I Wanna Have Groupies…or…Boobies…?

When I grow up, I wanna be famous, I wanna be a star, I wanna be in movies. We all know “that” song and we’ve all argued about the notorious “boobies vs groupies” lyric.

The only this is, I don’t want to be rich and famous. What ho? But Tyrolin, you’re always prancing about on stage!

Of course — it’s a fun hobby and I like the people I spend time with.

But Tyrolin, you’re a singing teacher and you run a Glee Club and drama classes. Don’t you feel you’re a hypocrite?

Of  course not. Creativity is encouraged and singing is a great method for people to express themselves but few, if any of my students want to make a living out of singing, dancing and acting. Even if they do, I tell them to think of a back-up plan. And here’s why:


The best stars are attractive, beloved and ridiculously talented. They can totally get away with wearing sunglasses indoors without looking like a complete tool. Why wouldn’t we want to aspire to be like them?

Maybe because it’s one of the emotionally hardest jobs in the world and actors such as Johnny Depp are already considering retirement.

Forget about not seeing your family for months or being unable to keep a steady relationship. Don’t worry about relinquishing your moral code by bearing all for that highly anticipated Games of Thrones sex scene. That’s at least, a choice you make.

Instead, let’s focus on the multitude of breakdowns and meltdowns celebrities have. Amanda Bynes, Britney Spears, Joaquin Phoenix, Miley Cyrus. You only need to look at their Twitter account to watch their minds slip into madness. The paparazzi and internet trolls are friends to no one and according to Pussycat Doll Nicole Scherzinger; “You have to sell your soul. I could’ve been more famous if I was more provocative but I’m not like that. I don’t want to be like that.”

This generation is all about ‘shocking’, which means every rising starlet has to ‘out-shock’ their predecessors by doing something even more revolting. Some celebrities continuously crave fame, going to extreme lengths to get noticed. As children, we don’t tend to notice this obsession and admire the adoration they receive. But as adults we pity and cringe at these performers.
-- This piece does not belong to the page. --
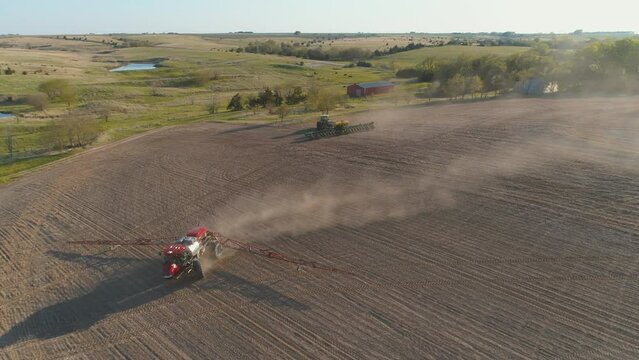 Drone view of planting and spraying a field of crops with tractors in USA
Of course, not all actors or singers have an unpleasant lifestyle and they don’t all turn to drugs due to boredom; it’s just a nasty stereotype. There are down to earth celebrities who are yet to shave their head and spit on the media circuit. Personally though, adult me is perfectly happy to spill hot chocolate on my shirt down the street without it being printed in the newspaper.


Mo money, mo problems. The more you win, the more you want.

As kids we’re going to have ga-zillion dollars (I assume that’s somewhere in the vicinity of $1,000,000,000,000,000,000,000.00) when we grow up and live in a Taj Mahal made of chocolate. Sounds fancy but it’s hardly necessary. But that’s just the thing. As kids we want to spend crazy money on crazy things. As adults, we’re just older, fatter versions of our past selves and will spend crazy money on less exciting things.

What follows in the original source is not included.